Using A Linguistic Lens on Midrash: Does a Deep Technical Understanding of Modern Linguistics Provide Significant Help in Understanding Drashot in the Talmud and Midrash?
This piece is based on my comments in a conversation I had with Josh Waxman re linguistics and drashot in the comment section to a recent blogpost of his, here. See this earlier relevant post of mine (referenced later in this piece): https://www.ezrabrand.com/p/was-abraham-a-lamdan
Someone who starts studying the literature of Chazal, the sages of the Talmud and Midrash, typically quickly find themselves wondering at their interpretations of Biblical texts.
The concept of midrash and drashot has been a topic of debate and reflection across various periods, from the early Pharisaic era to the present. It has been the heart of discussions pitting Pharisees (פרושים) against Sadducees (צדוקים), medieval rabbinic apologists like R’ Sa’adya Gaon and Maimonides against Karaites and Christians, and traditionalist rabbis in the face of Haskala, in the late modern period. (On the latter, see my earlier piece, “Was Abraham a Lamdan?”, re figures and works such as R' Samson Raphael Hirsch, the Malbim, R’ Yaakov Tzvi Mecklenburg’s Hak’tav V'Hakabbalah, and R’ Meir Simcha of Dvinsk’s Meshech Chochma.)
The scholarly consensus is that while Chazal's drashot might occasionally align with modern linguistic principles, they operate on a plane shaped by tradition and a sense of the text's significance. The approach of contemporary critical scholarship, including the use of linguistics, is much closer to the method of peshat, as it began to be developed in medieval times.
Chazal's Intuitive Approach to Texts
While one could argue that Chazal explored many linguistic possibilities systematically, akin to how a critical scholar does, it seems more plausible that they approached texts with a blend of tradition and intuition. They were drawing on traditions and intuition, sometimes selecting one method of interpretation, sometimes another.
Kugel
James Kugel’s monumental research stands as a guiding light here. His contributions are encapsulated in two books: the scholarly The Bible As It Was (1997) and the more accessible How to Read the Bible: A Guide to Scripture, Then and Now (2007). (I highly recommend the latter.)
The Role of Linguistic Expertise
A deep understanding of grammar as we know it today didn’t occur until medieval times, under the influence of early medieval Muslim grammarains.
That's not to say Chazal were linguistically naive. They likely had a keen intuitive sense of how texts should read. But this intuition wasn't necessarily anchored in systematic grammar. Instead, it was shaped by a unique set of hermeneutic tools and principles, such as wordplay, linguistic associations, the concepts of minutely close reading of halachic passages (to extract meaning from every letter), omnisignificance, harmonization between contradictory texts, and hermeneutics that would likely seem odd to the non-rabbinic reader: gezeirah shava; hekesh (i.e. מידות שהתורה נדרשת בהן).

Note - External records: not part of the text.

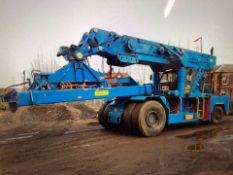 * Belotti B75/I Container Handler. 1983 Belotti Type B75/I Container Handler S/N 4259. Marked SWL as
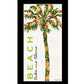 Beach Take Me There Black Framed Print Wall Art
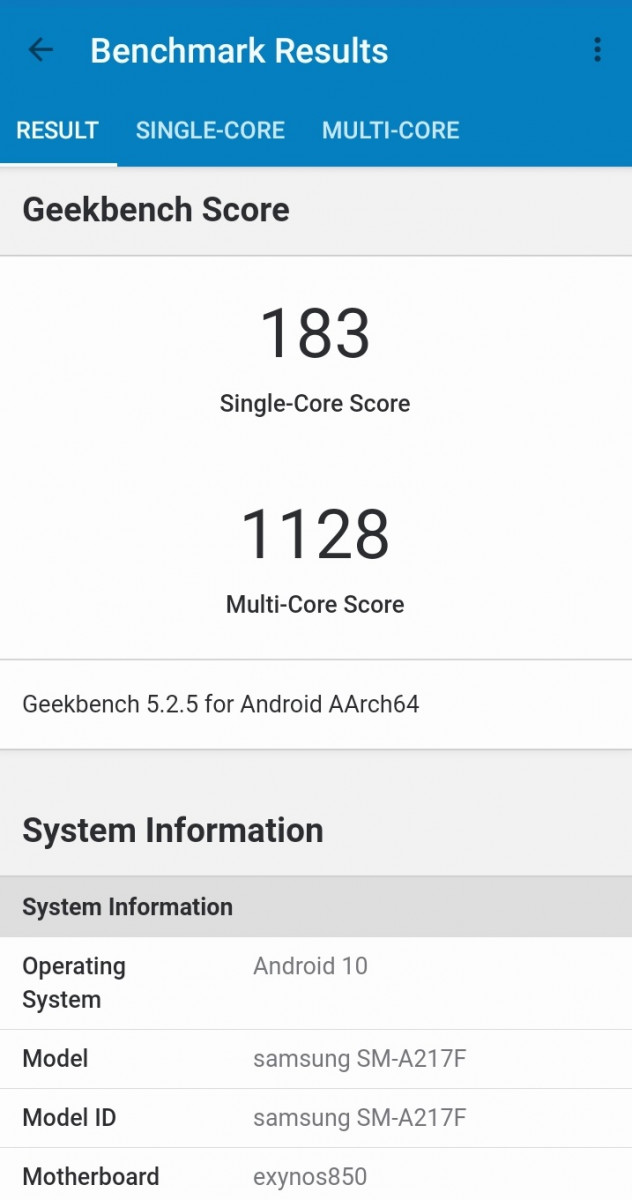 geekbench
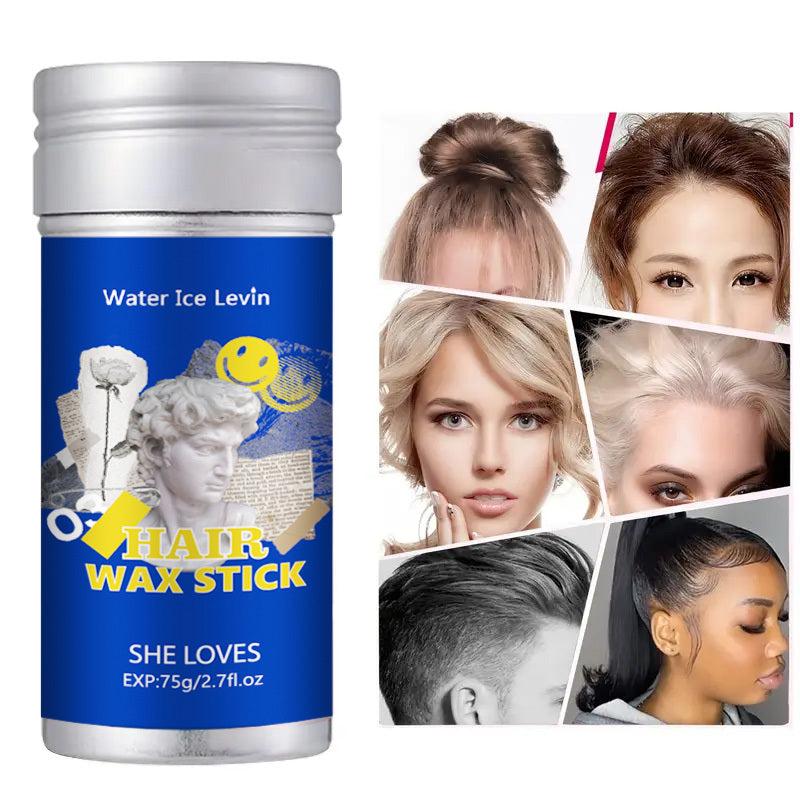 Hair Stick Wax for Frizz Hair Wigs with Comb Set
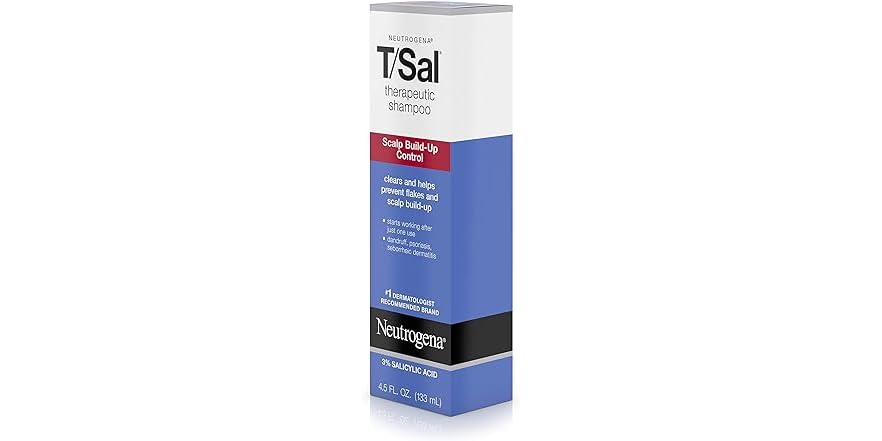 NEUTROGENA T/SAL SHAMPOO 4.5OZ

Not to say that the latter tools don’t have a basis in linguistics. (On the middot as an early form of grammatical interpretation, see Saul Lieberman, re the influence of classical Greek grammarians, and the grammatical tools developed by the scholars of the Library of Alexandria of the 3rd and 2nd centuries BCE to interpret Homer.) But in their more extreme forms, they are far from what most objective readers would consider reasonable.
The Relevance of Modern Linguistics
So, does modern linguistic expertise play a crucial role in understanding Chazal’s drashot? While it might offer some insights, it's not the central piece of the puzzle. After all, Chazal's interpretations weren't a product of structured linguistic frameworks as we understand them today. They were the result of tradition, intuition, and a sense of textual resonance.